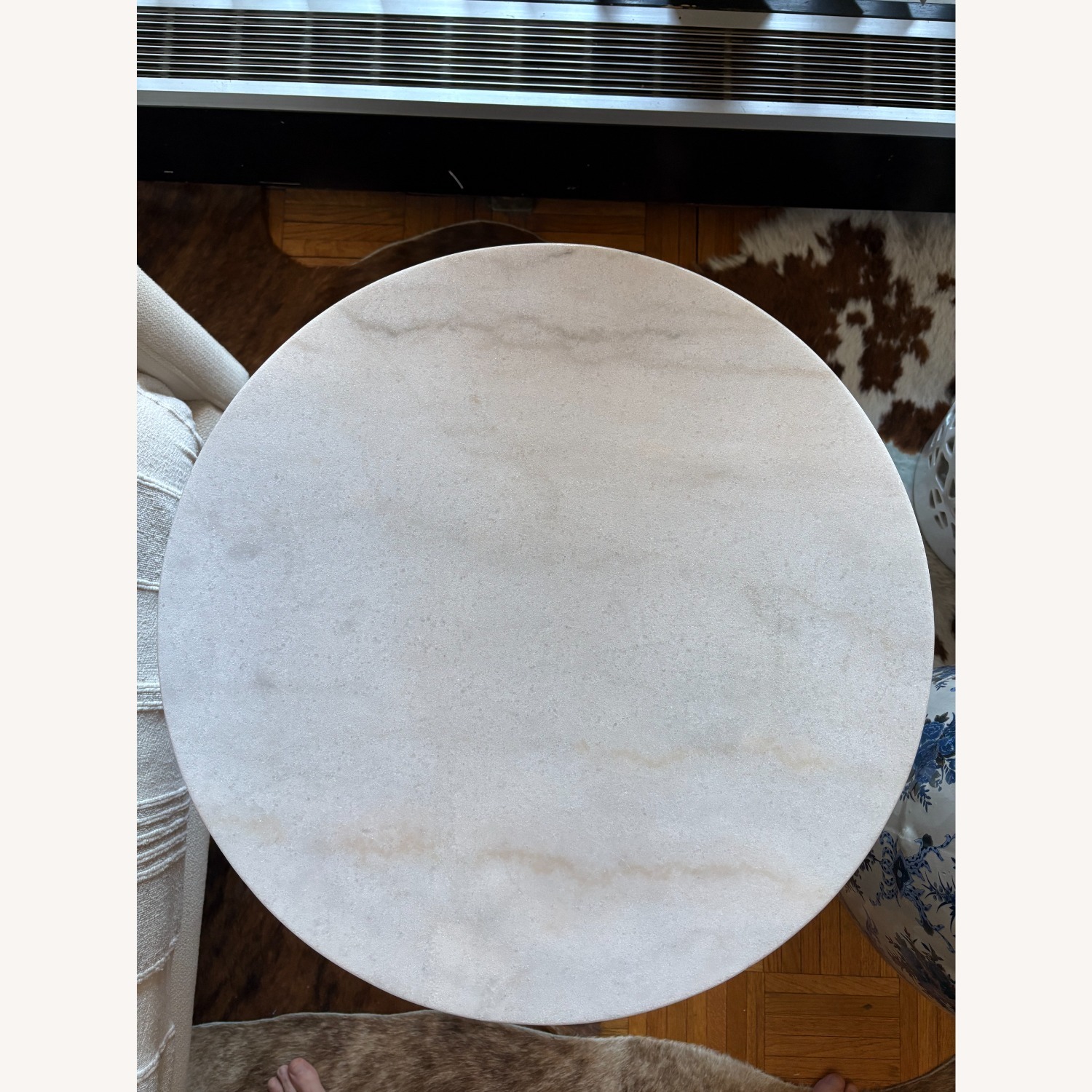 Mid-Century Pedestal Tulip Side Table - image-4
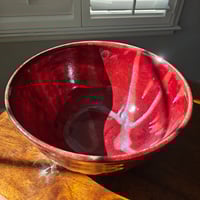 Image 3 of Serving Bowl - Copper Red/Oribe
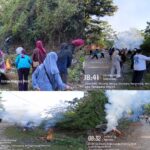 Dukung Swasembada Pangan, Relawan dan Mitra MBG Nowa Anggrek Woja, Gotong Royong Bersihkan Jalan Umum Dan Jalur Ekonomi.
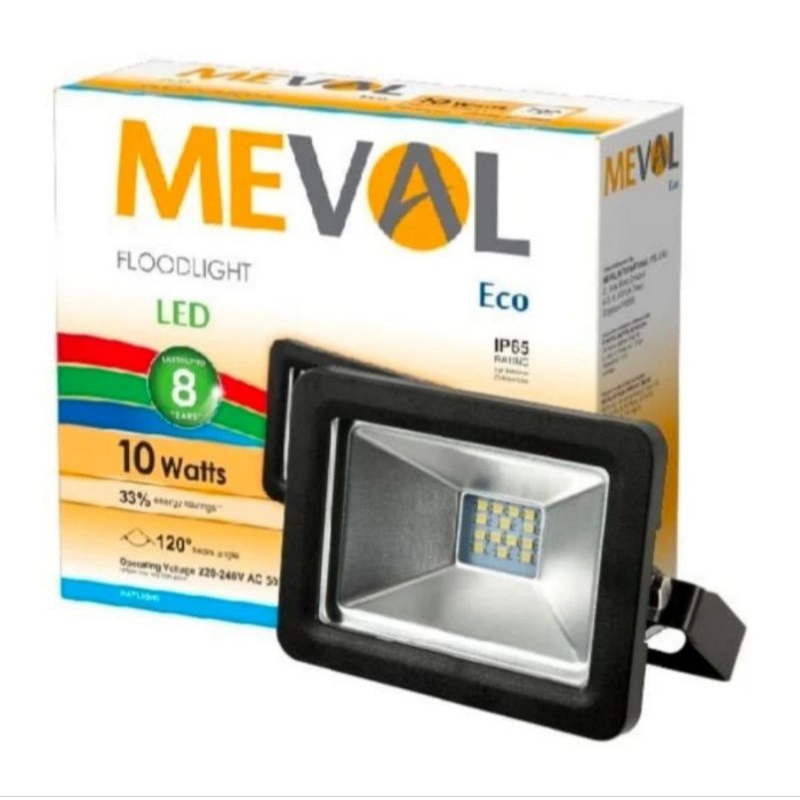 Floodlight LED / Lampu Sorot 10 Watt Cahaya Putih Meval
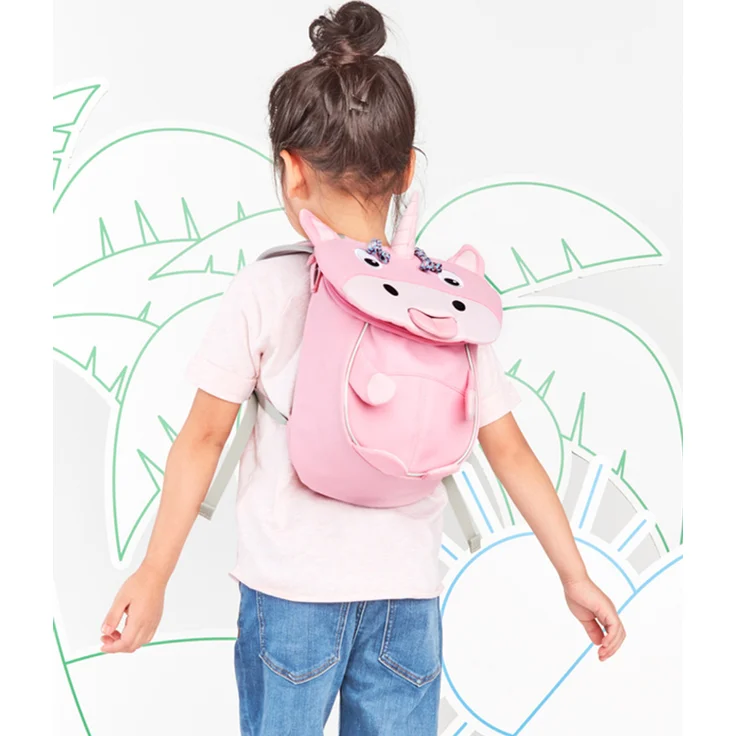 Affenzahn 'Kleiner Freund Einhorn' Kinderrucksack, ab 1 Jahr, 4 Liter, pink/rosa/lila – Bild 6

◆ **DESCRIPTION OF THE TASK**
All of the material should be reproduced exactly, apart from the pictures.

◆ **EXERCISE OUTPUT**
 Mid-Century Pedestal Tulip Side Table - image-4
 Image 3 of Serving Bowl - Copper Red/Oribe
 Dukung Swasembada Pangan, Relawan dan Mitra MBG Nowa Anggrek Woja, Gotong Royong Bersihkan Jalan Umum Dan Jalur Ekonomi.
 Floodlight LED / Lampu Sorot 10 Watt Cahaya Putih Meval
 Affenzahn 'Kleiner Freund Einhorn' Kinderrucksack, ab 1 Jahr, 4 Liter, pink/rosa/lila – Bild 6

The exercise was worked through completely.